Compared with our other estimates, the results in this subsection are considerably more uncertain. This exercise involves strong assumptions and depends on multiple data imputation steps. Still, we believe it functions as a useful starting point for a discussion about plausible magnitudes.
Our estimation procedure involves several strong assumptions, including those that can lead to overestimating the positive revenue feedback of the CTC. First, we do not estimate capital crowd-out and resulting impacts on wages due to a deficit-financed CTC. Second, our 20 percent causal estimate is a general equilibrium parameter that includes wage adjustments due to skill increases, but we do not vary the 20 percent causal estimate across years as new birth cohorts age into the policy and enter the workforce. Third, the 20 percent assumed causal share is highly uncertain and implies a larger (29 percent) causal share of after-tax income, under the approximation that most U.S. households face an approximately 30% (i.e., 0.29 = 0.2 / (1 - 0.3)) all-in effective marginal income tax rate as suggested by Piketty, Saez, and Zucman (2016).
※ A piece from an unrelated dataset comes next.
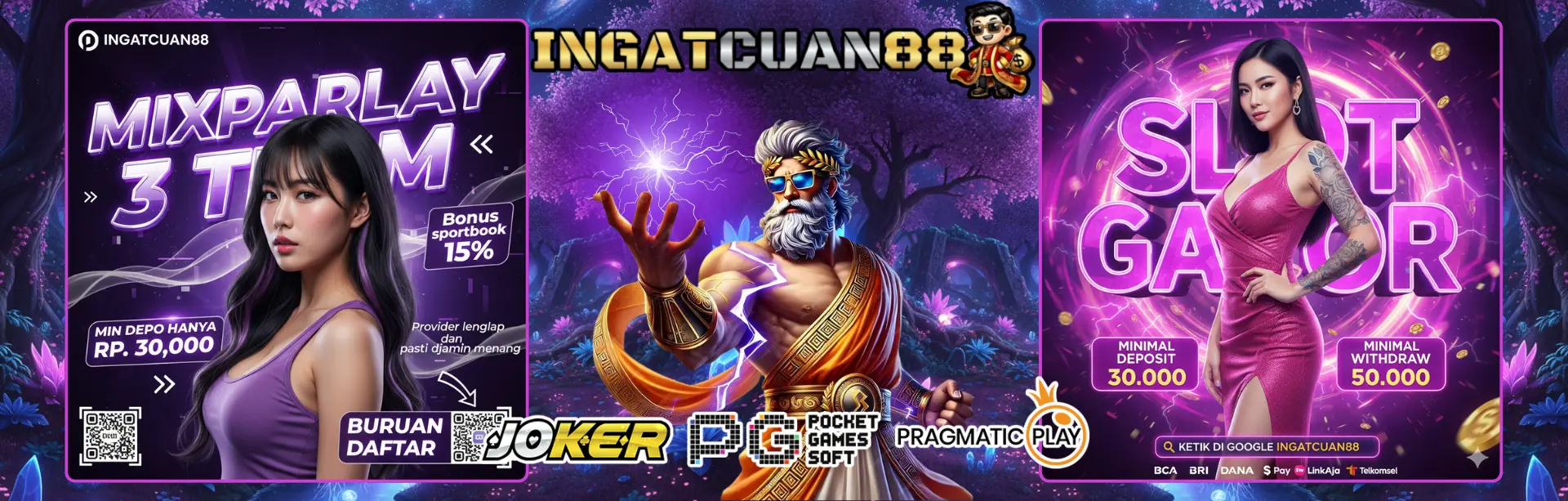 NEXTTOGEL SLOT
We intend to revisit and refine our assumptions over time and emphasize that these estimates are a work in progress.
The following figure displays estimated changes in wages in 2050 among children exposed to a full 18 years of each reform. It breaks out effects by parent income rank.
- Considered alone, the FSA’s CTC provision would provide later-life benefits comparable to those of 2021 Law and Edelberg-Kearney. But the package as a whole, which offsets CTC expansion with other tax increases, especially for unmarried parents with multiple children, is expected to provide limited benefits, on average, for children who grow up in this group.5
- We project that kids who grow up in a bottom-quintile family would fare best under the 2021 Law and Edelberg-Kearney reform options, with wages for these children being one percent higher compared to current law (about $300 in additional earnings every year, adjusted to current price levels). Current Policy, which excludes low-income families from receiving full benefits, would generate much smaller effects for children in this group.
- Each CTC expansion would provide smaller benefits as a share of income to higher income families. Children whose parents rank in the top quintile are expected to see the smallest relative benefit in adulthood, fundamentally driven by the CTC representing a smaller share of income at higher income levels.
Footnotes
- The elasticity values we use generate a probability of employment with respect to taxes. What we model is the existence or non-existence of wages. Therefore, what we see is earnings on the extensive margin, which is functionally a participation decision. We have tried to be consistent in our use of “employment” or “participation” accordingly.
- Please see this CBO report for a discussion of the relevant evidence.
- A Center on Budget and Policy Priorities analysis finds that some low-income parents – namely, those with multiple children above age five – would be made worse off when accounting for the loss of EITC benefits.
- Our results for 2021 Law are not directly comparable to those of other researchers, who estimate employment changes against a different policy baseline.
- Note that parent income ranks are assigned to children based on the distribution of income among tax units with children only. This population universe contrasts with that of our standard income distribution metrics, in which all tax units, including those without children, are considered. For this reason, impact as measured by the latter definition does not necessarily map to impact by parent rank.